Cherreads

Chapter 2 - Static

Lena started hearing it the day after her father's funeral. A low, almost imperceptible static, like an old TV left on in another room. Faint but constant.

She thought it was tinnitus at first. Stress. Lack of sleep. Grief. Her doctor agreed.

But it wasn't in her ears.

It moved.

Some nights it was louder in the kitchen. Other times, behind the bathroom mirror. Once, she followed it to the laundry room and swore it was whispering beneath the hum, just low enough that she couldn't quite make out the words.

"You need rest," her sister told her."You need help," her therapist said."You're fine," Lena whispered to herself, every night.

The static got louder.

One evening, she turned on every faucet in the apartment, just to drown it out. The sound was relentless, like a signal fighting to break through. She unplugged everything, TVs, clocks, even the fridge. Still, the static persisted.

Then things started changing.

She'd wake up to lights already on. Furniture slightly moved. Her toothbrush wet before she touched it. She lived alone. Or at least, she thought she did.

She began recording the nights, just audio at first. After a week of nothing but low static, she played back a clip and froze.

It said her name.

Not whispered. Not screamed. Just spoken. Flat. Unfeeling.

"Lena."

That was it.

She deleted the file and stopped recording. But the voice didn't stop.

Now, the static came with memories that weren't hers. Flashes of a hallway she didn't recognize. A red door. A cracked mirror. A name she never knew, but felt familiar.

She tried to ask her therapist about it, but when she brought it up, his mouth moved, but the only thing she heard was the static. Loud, blaring, like a warning.

Everyone she spoke to after that, static. The grocery clerk. Her sister. The man who knocked at her door asking for directions. Their lips moved, but the only sound was white noise.

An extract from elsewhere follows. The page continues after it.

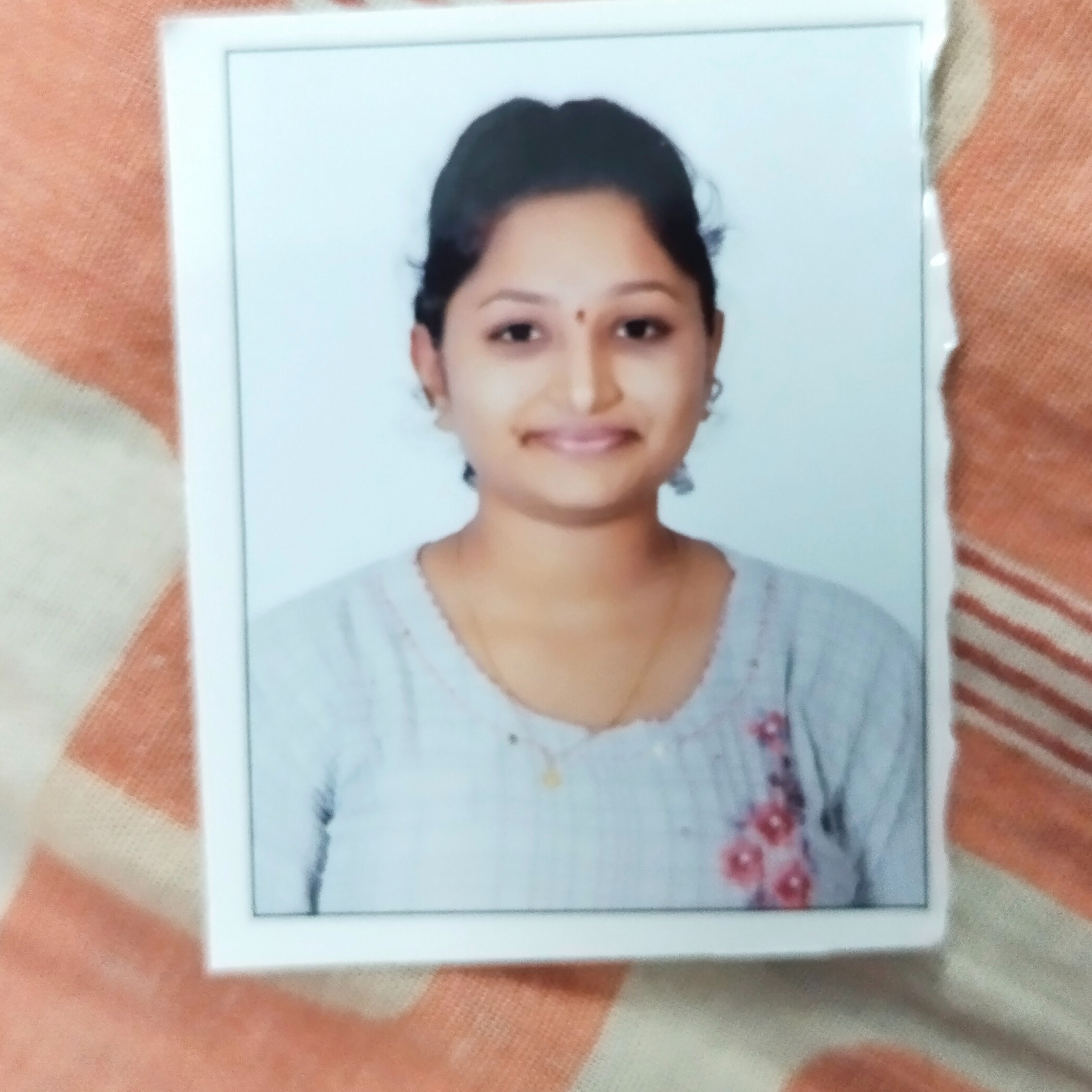 Sowmya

She started writing on paper instead. That worked. For a while.

Then she stopped hearing her own voice.

Now, the world is silent except for the static. And within it, something is trying to explain. Not in words. In feeling. In flashes. In images of a place she's never been, but somehow never left.

Maybe she's not hearing things at all.

Maybe she's remembering.

Last known entry in Lena's journal, found in an otherwise empty apartment:

"I don't think the static is coming from outside. I think it's what's left of me, echoing back. I think I'm the signal. And something else is tuning in."